People huddle under their bumbershoots in the rain Friday in Everett. (Sue Misao / The Herald)

People huddle under their bumbershoots in the rain Friday in Everett. (Sue Misao / The Herald)

Why Everett gets heavy rains, big winds, thunder, hail, snow

Blame the Olympic Mountains for Seattle’s tiny raindrops, and for our convergence zone storms.

  • Christine Clarridge The Seattle Times
  • Friday, December 20, 2019 12:28pm
  • Northwest

By Christine Clarridge / The Seattle Times

Although Seattle sees the occasional deluge, more often what shows up could be called drizzle or mist. The drops are smaller and more diffuse. It’s part of the reason we notoriously eschew umbrellas: We may bust them out to protect against heavy rain like we’ve gotten this week, but they’re no use when what’s outside is less a downpour than an omnipresent wetness.

But why is the rain around Seattle so unique? Why does it fall where it does, in the way it does?

When we recently asked Seattle Times readers what questions you have about Pacific Northwest weather, your curiosity about rain was overwhelming.

Some wondered why some parts of the Puget Sound region get less rain than others (“Is it my imagination?”), or why the rain here is different than on the East Coast.
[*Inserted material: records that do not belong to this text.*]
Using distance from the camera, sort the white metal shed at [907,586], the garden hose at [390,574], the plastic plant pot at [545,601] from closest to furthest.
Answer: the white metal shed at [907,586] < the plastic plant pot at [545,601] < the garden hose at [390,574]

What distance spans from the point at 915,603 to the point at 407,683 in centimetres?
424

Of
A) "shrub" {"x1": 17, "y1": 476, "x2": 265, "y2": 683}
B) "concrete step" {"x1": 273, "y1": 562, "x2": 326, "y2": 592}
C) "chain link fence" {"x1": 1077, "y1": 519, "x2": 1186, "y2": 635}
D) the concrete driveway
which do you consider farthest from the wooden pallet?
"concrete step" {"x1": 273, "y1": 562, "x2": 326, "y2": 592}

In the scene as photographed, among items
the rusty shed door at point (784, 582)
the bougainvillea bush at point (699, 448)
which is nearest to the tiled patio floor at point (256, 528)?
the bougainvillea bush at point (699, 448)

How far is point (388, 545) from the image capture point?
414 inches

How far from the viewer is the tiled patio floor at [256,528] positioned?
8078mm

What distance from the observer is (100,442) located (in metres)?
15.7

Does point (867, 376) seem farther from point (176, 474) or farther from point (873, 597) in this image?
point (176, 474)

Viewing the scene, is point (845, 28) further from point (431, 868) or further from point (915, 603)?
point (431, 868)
Others got specific: “Why are raindrops in Seattle usually so tiny? If I’m outside for just a few minutes, they don’t even penetrate my hair to wet my scalp.”

The answers to all these questions start at the Olympic Mountains, which are responsible for the convergence zone, the rain shadow and even the size of our raindrops, said Logan Johnson, the meteorologist in charge at the National Weather Service in Seattle.

In places like Quileute or Forks, currents of weather sweep in from the Pacific Ocean unimpeded, battering the Western coast of Washington with wind and dumping an average of about 100 inches of rain each year.

But when those currents travel farther inland and hit the Olympics, the slope of the mountains forces the air to rise.

“That wrings out the moisture,” Johnson explained in a recent interview.

It’s why we have a rainforest on the southwest side of of the Olympics, he said, and a rain shadow to the north and east of the range in places like Sequim, where it can be sunny and dry while every other Puget Sound locale is wet.

Rain shadows are common where coastal areas and mountains coexist. We even have more than one here: The Cascade mountain range blocks the inland flow from the ocean, keeping areas west of the mountains wet and Eastern Washington dry.

More unique to this area is our convergence zone, which is created by the way wind travels around the two mountain ranges, Johnson said.

Again, think about the storms coming in from the ocean.

As the Olympic mountains guide currents of air upward, forcing moisture out, they also split streams of weather in two. One current heads north around the north end of the range and then whips east through the Strait of Juan de Fuca and curves back south toward Seattle. The other travels around the range’s south side, through the Chehalis Gap, and is then forced north by the topography of the Cascade Mountains.

When those two currents collide, or converge, it forces air to rise again, Johnson said. That creates what’s known as the Puget Sound Convergence Zone, which can occur almost anywhere between Skagit and Pierce counties but usually happens near Everett or the King-Snohomish county line.

In the convergence zone, you’re more likely to experience bands of heavy rain, strong winds, thunder, hail and snow.

“A lot of our thunderstorms do occur in that region,” Johnson said.

As for the size of the raindrops? You can blame the Olympics for that, too.

The coast gets two kinds of rain: stratiform and convective.

Stratiform precipitation is so named because, from the air, it would look like a sheet or a layer of billions of tiny raindrops that “just fall out of the clouds,” Johnson said.

Convection precipitation is the intense kind formed in more billowy and puffy-looking clouds, Johnson said. It occurs when air from the warmer surface of the Earth rises, sometimes to great heights. Because the force of the wind is pushing upward, tiny raindrops are not heavy enough to break through on their own, but they eventually clump together, getting “bigger and bigger and heavier and heavier” until finally they do fall, he explained.

Stratiform rain tends to fall evenly across a region, while convection rain can fall heavily on one block but be barely felt just blocks away, said Dustin Guy, another weather service meteorologist.

The two types can sometimes be mixed together, Johnson said, but convection rain usually doesn’t make its way inland across the mountains. That leaves Seattle with mostly stratiform precipitation — the drizzle or mist that sprinkles gently across your hair but leaves your scalp unscathed.